--- The records ---
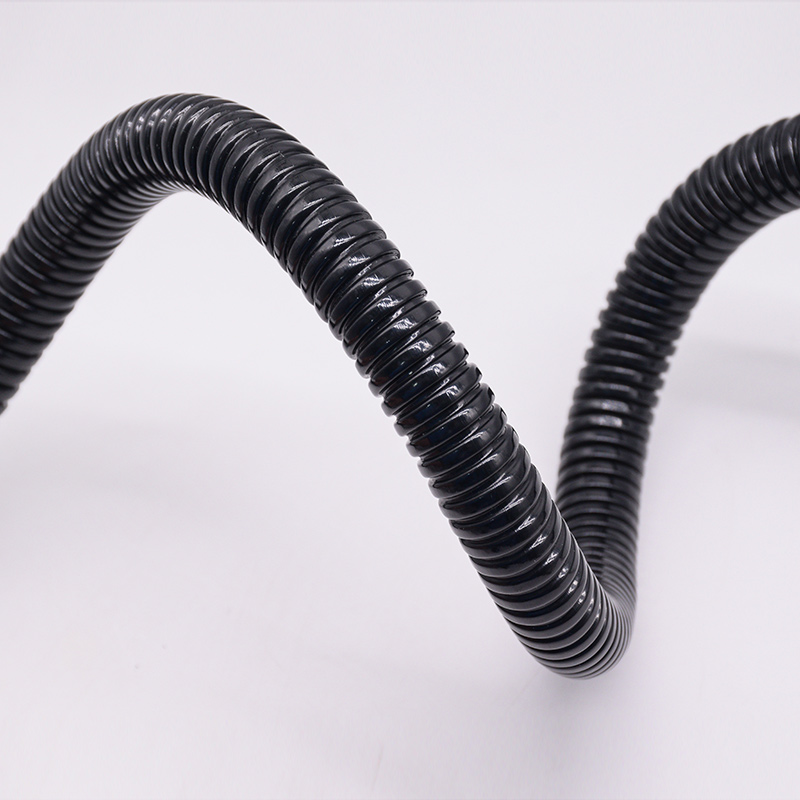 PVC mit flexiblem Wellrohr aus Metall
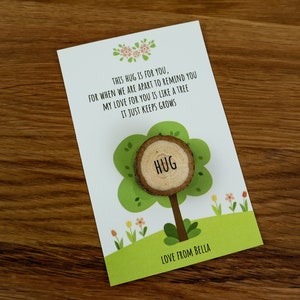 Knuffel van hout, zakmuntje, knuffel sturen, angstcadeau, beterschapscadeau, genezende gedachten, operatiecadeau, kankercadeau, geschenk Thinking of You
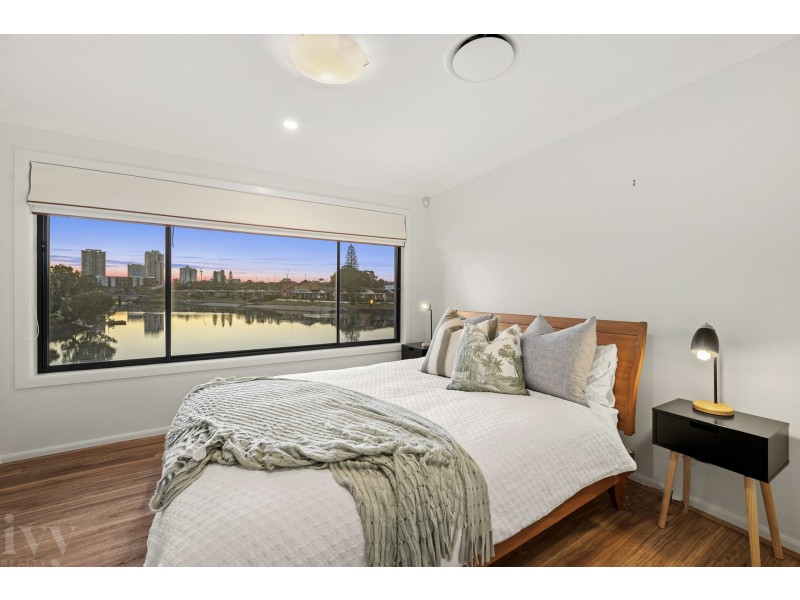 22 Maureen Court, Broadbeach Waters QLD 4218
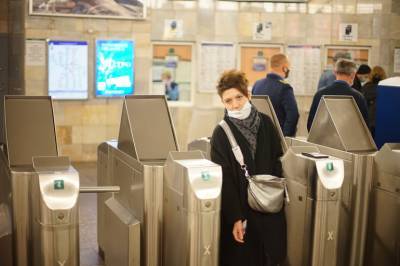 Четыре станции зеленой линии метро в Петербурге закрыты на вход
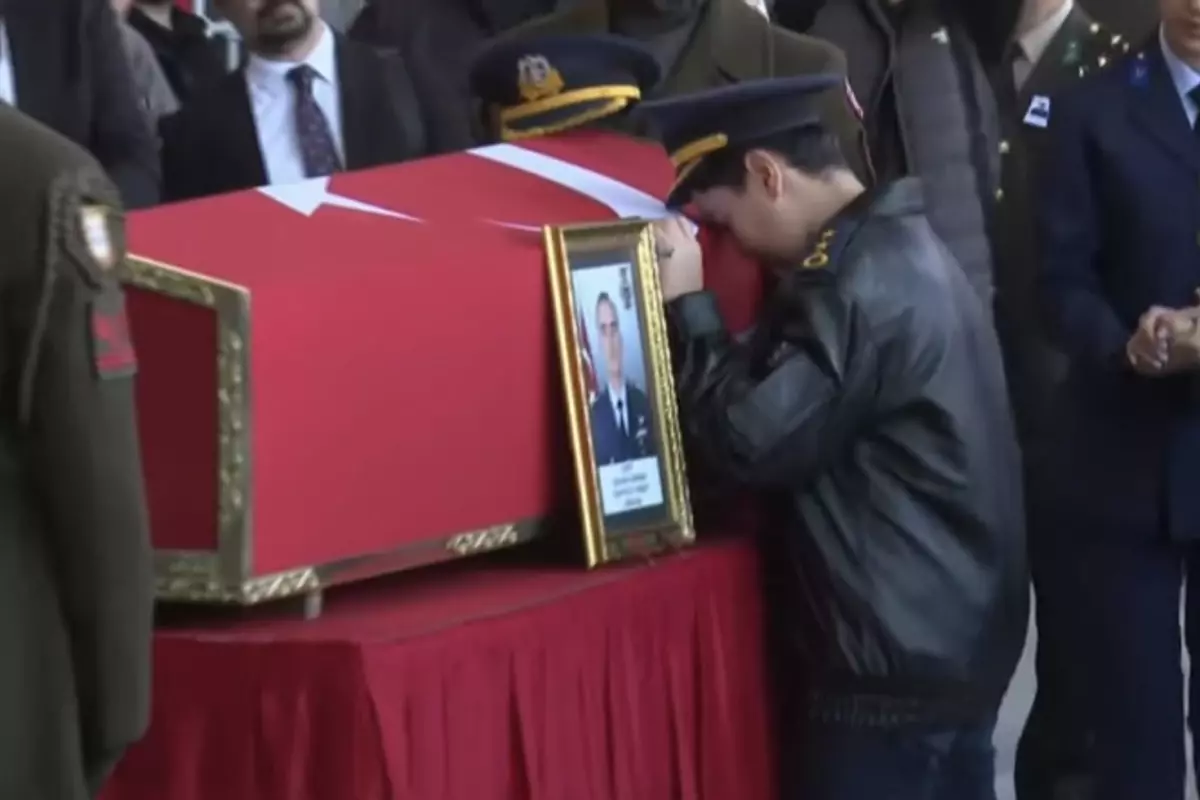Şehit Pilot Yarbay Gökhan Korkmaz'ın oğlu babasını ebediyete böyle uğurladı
---
**Task goal:** The records above, copied word for word without the pictures, are what should be output.

**Completed task:**
 PVC mit flexiblem Wellrohr aus Metall
 Knuffel van hout, zakmuntje, knuffel sturen, angstcadeau, beterschapscadeau, genezende gedachten, operatiecadeau, kankercadeau, geschenk Thinking of You
 22 Maureen Court, Broadbeach Waters QLD 4218
 Четыре станции зеленой линии метро в Петербурге закрыты на вход
Şehit Pilot Yarbay Gökhan Korkmaz'ın oğlu babasını ebediyete böyle uğurladı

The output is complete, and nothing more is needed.